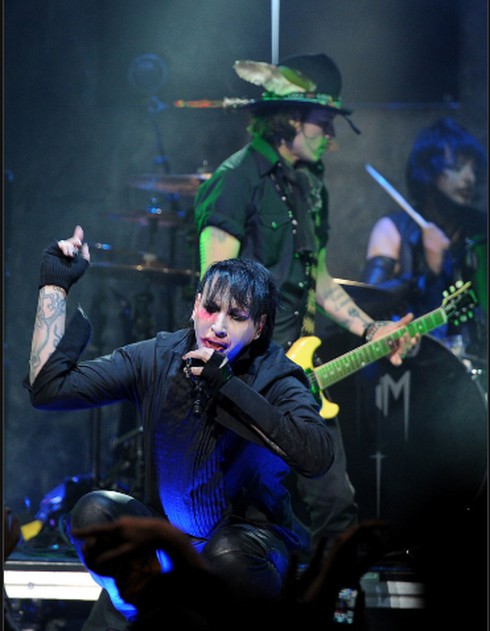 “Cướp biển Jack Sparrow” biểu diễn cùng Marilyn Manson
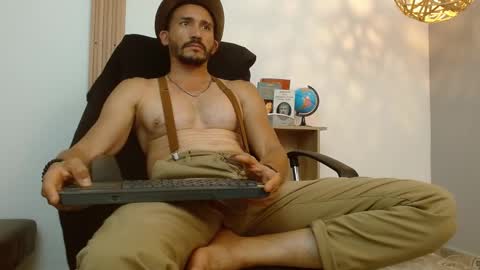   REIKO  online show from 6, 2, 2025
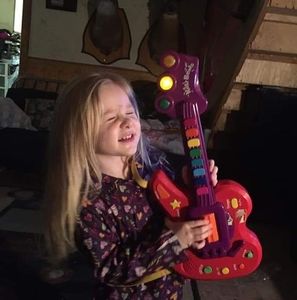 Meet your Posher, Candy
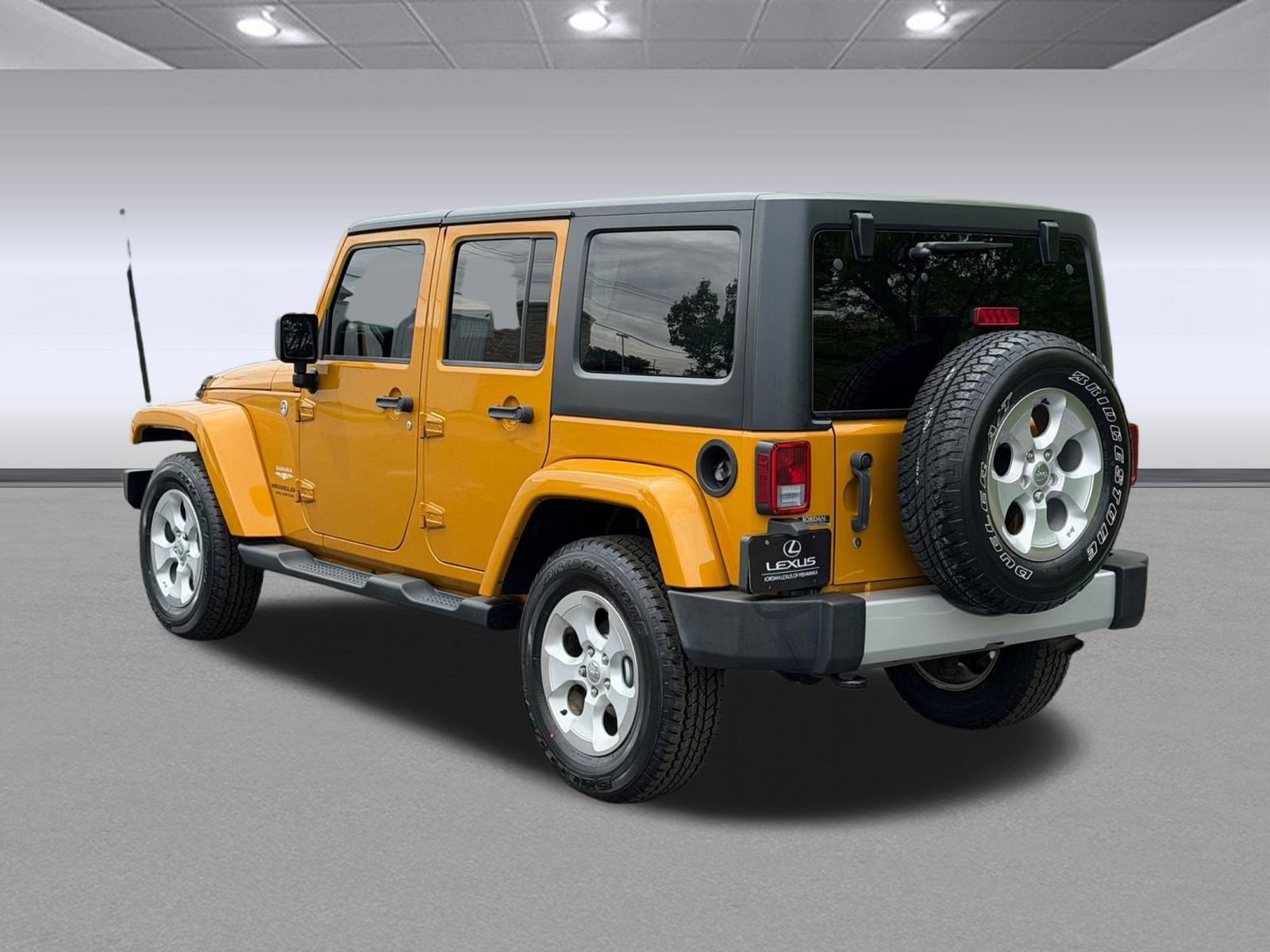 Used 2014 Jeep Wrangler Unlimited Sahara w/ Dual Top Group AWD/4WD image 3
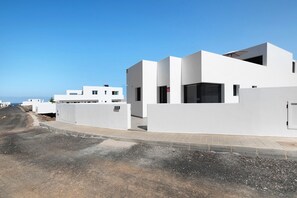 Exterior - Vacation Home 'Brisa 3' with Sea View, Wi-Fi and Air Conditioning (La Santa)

━━━━━━━━━━━━━━━━━━━━━━━━━━━━━━

AIM OF THE EXERCISE: Go through the material above and retype every line exactly, without the images.

FINAL ANSWER:
 “Cướp biển Jack Sparrow” biểu diễn cùng Marilyn Manson
   REIKO  online show from 6, 2, 2025
 Meet your Posher, Candy
 Used 2014 Jeep Wrangler Unlimited Sahara w/ Dual Top Group AWD/4WD image 3
 Exterior - Vacation Home 'Brisa 3' with Sea View, Wi-Fi and Air Conditioning (La Santa)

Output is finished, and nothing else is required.